第24話 立ち上がる

 老人とリリィが消え去ってから数刻、ザックは膝を抱え顔を埋めていた。

 辺りには泣き叫ぶ人達、視線が定まらず上の空の人達、どこに行くでもなくただただ彷徨う人達、行き場のない怒りをそこらかしこにぶつける人達。

 そんな人達を掻き分けザックへと駆け寄る人影が一人――ミヤだった。


「ザックちゃん!」


 気を切らしながら走ってくるとザックの目の前で立ち止まる。
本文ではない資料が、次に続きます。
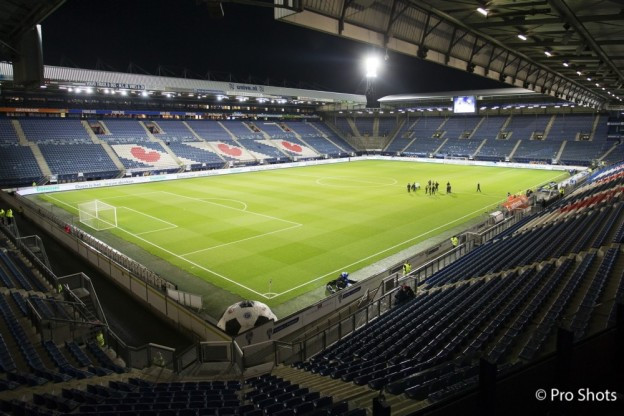 Mặt sân cỏ nhằn bóng, đảm bảo ánh sáng khi trời tối. Ảnh: FeanOnline. .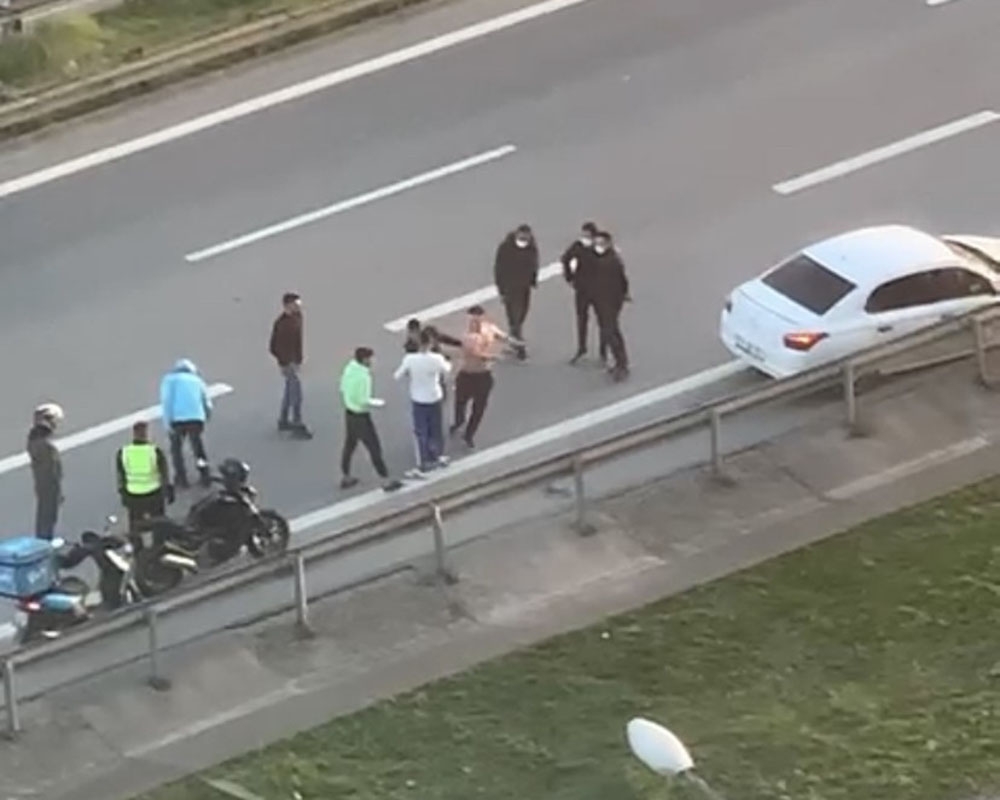 TEM Otoyolu’nda tekme ve yumruklu yol kavgası kamerada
しかし、ザックからの返事はない。

 ミヤは「良かった…」と呟くのだが、すぐに後悔してしまう。

 ザックが背をもたれ掛かっているのはザックの家であり、その家が崩壊している事に気付いたからだ。そして、手で口元を隠しては絶句してしまう。

 その瓦礫の中に見知った人が二人、血まみれで倒れているのを見つけてしまう。


「ザックちゃん…」


 どう声を掛けて良いのか言葉を失ってしまう。手を力強く握っては何も出来ない自分に腹ただしさを感じてしまう。

 こういうとき、人は何と声を掛けて欲しいのか。

 ミヤは小さい頃を思い出す。母を早くに亡くしており、父はいつも通りを装って酒場で働いていた。今思えば寂しさを紛らわせる為に働いていたのかもしれない。

 段々と寂しさが募り泣いていたが、そこに現れたのがザックだった。


――私なら。


 そう思い、大きく深呼吸するとザックを包み込むようにして優しく抱く。言葉はいらない。こういうときはただ隣に居てくれるだけで落ち着くはずだと。
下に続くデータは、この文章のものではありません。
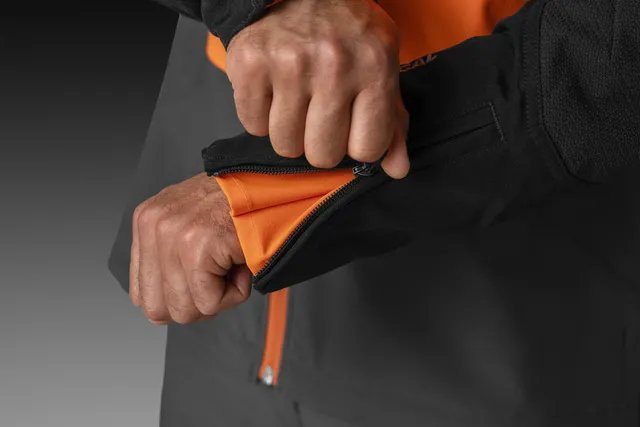 Husqvarnas skovjakke, Technical til kvinder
 しばらく抱きながらザックの頭を撫でていると小刻みにザックが震え始めた。


「ミヤ姉ちゃん…俺…俺…」

「うん。うん。」


 ミヤは何も聞こうとはせずに、ただ相槌を打つばかりでザックの頭を撫で続けた。



――――



 魔物の襲撃から翌日、フィルイン村は慌ただしくしていた。

 村人の生存確認、亡くなった村人の弔いに、壊された家の確認及び瓦礫の撤収、商館前での炊き出し。

 老人の言う通り、リリィを連れ去ってから魔物達は姿を消した。

 最初は悲観に暮れていた村人であったが残った彼らには明日がある。立ち上がれる者達で助け合っていた。

 それは冒険者達も同じだった。ゴブリン増加による影響で長らくフィルイン村に留まっていた冒険者達が一宿一飯の恩があると協力的に働いてくれていた。

 その中にアクセルのパーティーメンバーも居た。

 商館前に出来た、休憩場所。その休憩場所に廃材で作られた簡易的な長椅子に腰を掛ける。


「ふぅ…」


 炊き出ししている村人から茶を貰い一気に喉へと流し込むアクセル。

 普段なら身体を動かした事による気持ちの良い疲労を噛みしめるのだが、パーティーの雰囲気は重い。

 いつも軽口を叩く槍術士のスミスでさえ口を開こうとはしなかった。

 変わりにこの重苦しい雰囲気を打破するべく口を開いたのはプリーストのモーフィアスだった。


「我々に何か出来ないだろうか」


 その言葉がパーティーへと問うのだが誰も答えを持ち合わせてはおらず、再び重苦しい雰囲気へと戻る。

 何気なしにアクセルが上を向きながら言葉を発する。


「何か…か」


 モーフィアスの何かが誰に向けてなのかはパーティーの誰もが気付いていた。

 アクセルは昨夜の事を思い出す。ザックが飛び出した先が分からず右往左往して居たのだが、その先で魔物を倒し村人達を助けたりしている末に辿り着いたところにザックはいた。

 ミヤに抱かれ、むせび泣くザックだった。周りにリリィの姿もなく状況も分からず。どう声を掛けようか迷ってしまい結局、声を掛ける事が出来なかった。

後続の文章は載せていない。